- Posted Wednesday July 8, 2015
Do locums offer value for money?
Like most practices, from time to time we have to rely on locum doctors to keep the surgery going. Jeremy Hunt has been discussing their charges in hospitals and the exorbitant rates spent on locums a lot recently. However, the same could be said for primary care, but at times we just do not have any other choice.
Yes, there is a cost implication, but perhaps the problem should be addressed in a different way.
There are no shortages of locum doctors (unlike the situation with salaried) which must mean that doctors prefer it to committing to one surgery. Is it all down to money or is there another reason though? This is a good question, and one that is very hard to answer.
For a start, the money is better and it carries a premium over a partner or salaried GP, on top of this a locum does not have to cope with the ever increasing paperwork and forms to complete, or have to attend as many meetings.
When I have asked some of our locums if they wanted to be salaried or partnered, they reply “why should we?” They get well paid with half the hassle, “but what about patient continuity of care, or having guaranteed work?” I ask. I repeatedly hear the response “I’ve tried that before and it did not work out”, or “I had a bad experience in a partnership... never again”.
I have one locum who (if he times it right) can fit in three sessions a day at £300 per session. You cannot argue with his logic in remaining a locum doctor, can you?
I do have to question whether the patient gets a raw deal on care if seeing a locum though, and I have to express my concern that in some cases this may very well be the case?
After careful consideration, I believe locums have it too easy.

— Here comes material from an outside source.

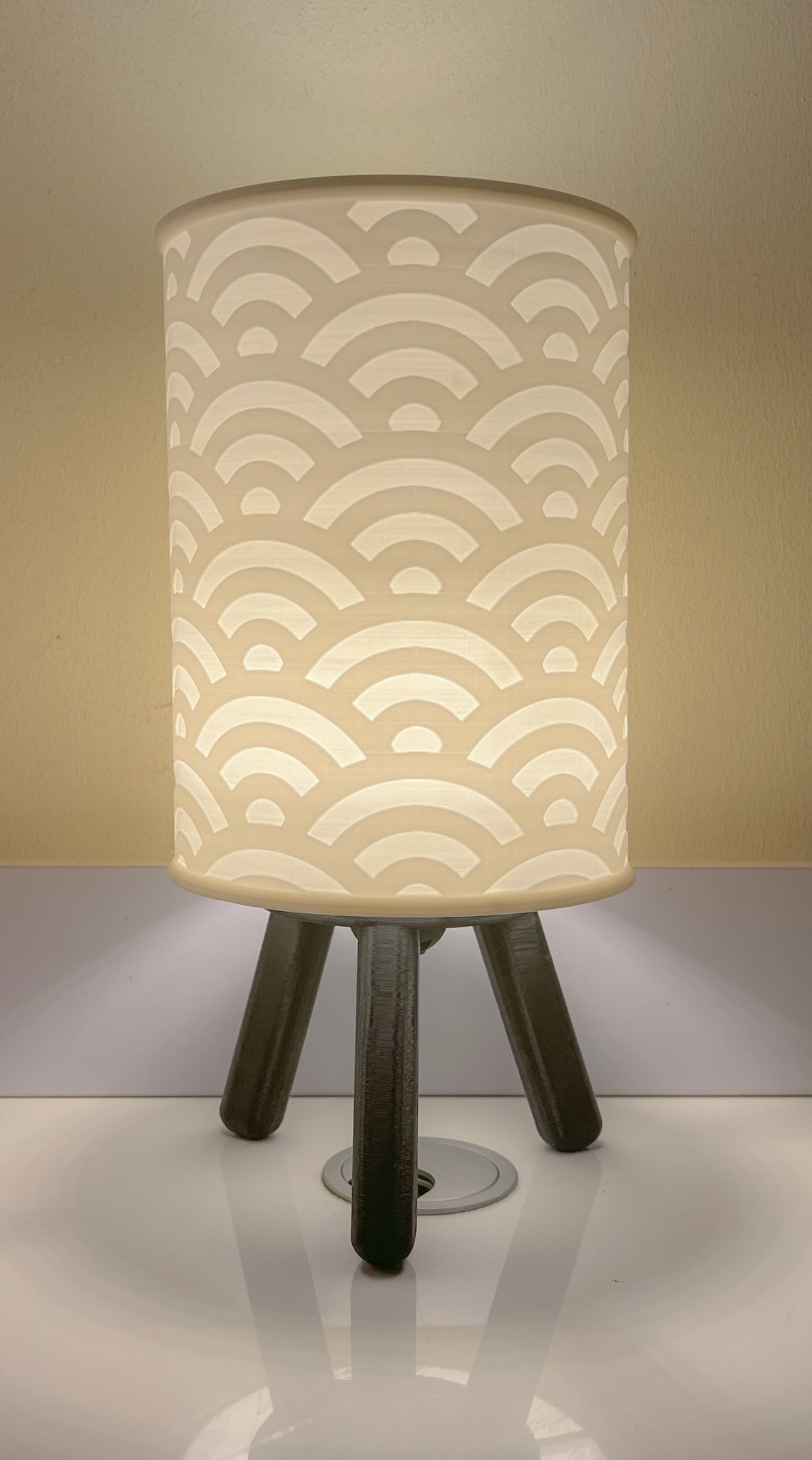 Black 3D printed Duule bedside/table Lamp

In some cases I question the care they feel towards patients. I wonder how it can be satisfying to come and go and not have long term input into patient care. It’s just like a conveyor belt... next please!
Last week I had a very unfortunate incident that illustrated the patient need for permanent doctors rather than locums too. As a result, I hope that from this month onwards I will not be as reliant on locums.
A regular locum had a fairly busy morning, including time spent doing paperwork and telephone consultations as he has been doing for some time. At twelve o clock he came out of surgery and said he had done all the work he needed to and was going, however, he would not have any time to do a visit that was needed after one of the telephone consultations.
When we asked why he didn’t have the time, he told us he has another booking elsewhere. The 89 year old lady who needed the visit had recently come out of hospital and lives less than 5 minutes from the surgery - a quick visit was possible.
As I overheard him inform a member of staff that he had told the patient he wouldn’t visit till Monday, I had already formed the opinion that a visit to this patient was necessary and had to be done as patient care should not be put at risk.
We told the locum we were disappointed he would not visit and agreed to document this in the records. We had obviously touched a raw nerve with the locum as 20 minutes after leaving he phoned to apologise and offered to reduce his bill by one hour. I think he thought the offer of a reduction was enough for us and we would be happy, but he seemed surprised when we told him that money was not the issue; it was patient care that was the priority here.
As it happens, our salaried GP contacted the patient by telephone and was more than happy to visit this patient before attending afternoon surgery. Maybe it could have waited, but that is not the point. I cannot understand how a locum would be willing to take the risk at all.
Another trend we notice with locums is that they tend to only want to see one problem at a time.
If a patient comes in with a list of problems, they are usually told to come back again for other issues. I can understand their position, but doing so could mean missing the most significant problem on the list if it isn’t the one the patient deems to be the most immediate.
I am told it is down to patient management, but what if the last issue is, for example, chest pains? That is far more a red flag and needs addressed sooner.
So, how can we control this? Other than to rely less on locums and more on regular GPs, I'm not sure.
Unfortunately whilst the pressure on GPs will remain, and less and less want to come in to general practice, I cannot see an end to the problem and patients will in some cases not get the level of care they should expect.